Durant des décennies, c'est cette édition qui sera utili­sée par les fidèles de ce type de chants religieux, à Fès et à Casablanca, à Mogador et à Marrakech. L'anthologie est composée à la fois de chants de poètes marocains mais également d'une série de poèmes ayant pour auteurs les illustres poètes espagnols du Moyen Âge, en particulier Salomon Ibn Gabirol et Abraham Ibn Ezra.

C'est que, à tort ou à raison, les lettrés parmi les juifs du Maroc se considèrent peu ou prou comme les héritiers et les successeurs des poètes juifs du Moyen Âge espa­gnol. Le Maroc, dans leur esprit, a, depuis l'expulsion des juifs par les rois catholiques, pris la place qu'occupait jusque-là dans les lettres juives le continent ibérique. Est- ce à dire que les productions des poètes des deux pays se valent ? Ont-elles littérairement ou esthétiquement parlant la même valeur ? Y a-t-il désormais dans les métropoles chérifiennes les équivalents de poètes tels qu'Ibn Gabirol ou Yehouda Halévy ? Sûrement pas !

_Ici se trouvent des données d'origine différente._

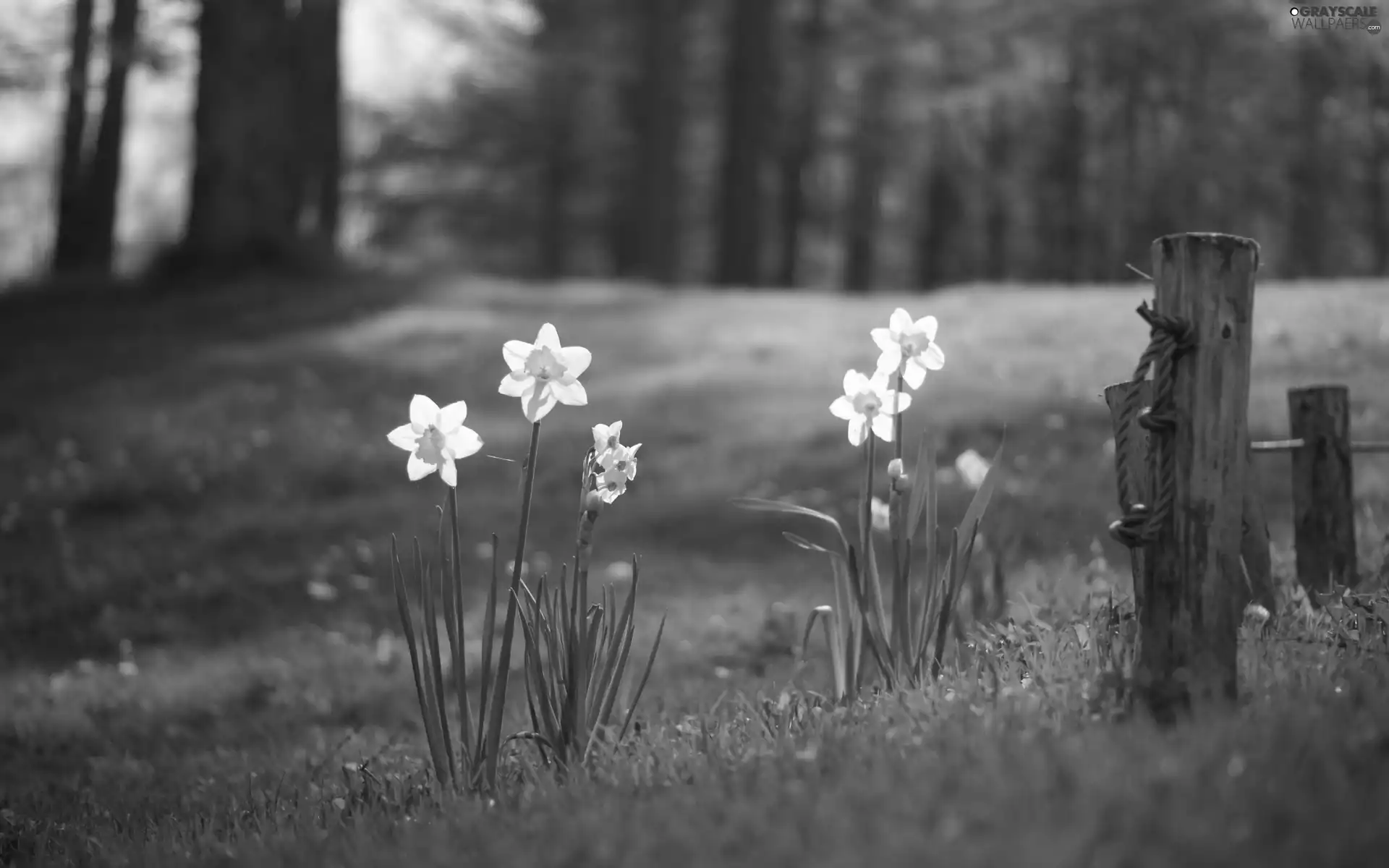 trees, viewes, car in the meadow, grass, narcissus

Le panorama général de la poésie judéo-espagnole, produite au Moyen Âge, est assurément plus vaste, plus riche, plus substantiel que celui des poètes juifs de Fès, de Marrakech et de Meknès. La langue y est plus belle et les inspirations plus universelles, plus ouvertes sur la cité. Il reste que l'on peut observer entre les uns et les autres une certaine continuité. Elle s'exprime à la fois dans les thématiques des œuvres mais aussi dans le choix des tech­niques poétiques.

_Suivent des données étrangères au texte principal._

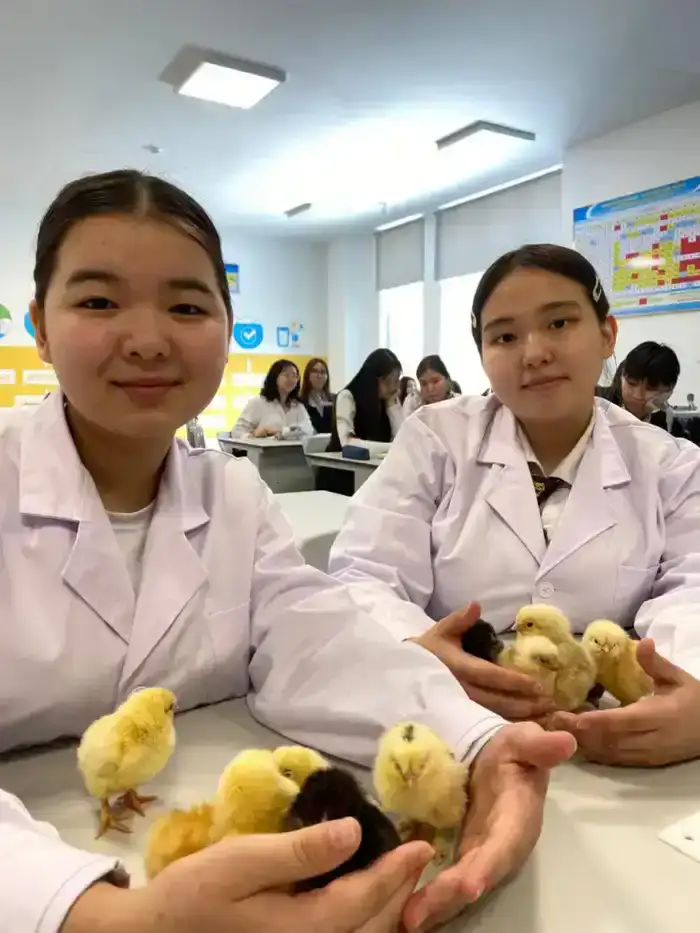 В Астане школьники самостоятельно вывели цыплят из инкубатора (3)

Il y a chez les poètes juifs du Maroc une obsession des thèmes religieux. On procède par répétitions et reprises d'idées. C'est toujours la même vénération religieuse et la même dévotion à « Dieu, maître des univers ». Simple­ment chaque poète a son style, sa démarche et sa façon de dire. Parce que chacun a ses modèles et ses maîtres. Mais chez les uns et les autres, c'est toujours la même recherche du sacré et de la piété. Partout c'est le problème de la foi – c'est-à-dire de la confiance en Dieu – qui pré­vaut. Seule compte au bout du chemin l'intention intime du fidèle. Ici comme ailleurs et en tout temps, on chante et on célèbre d'abord la sainteté du shabbat parce qu'elle constitue le rappel de la « royauté » de chaque individu.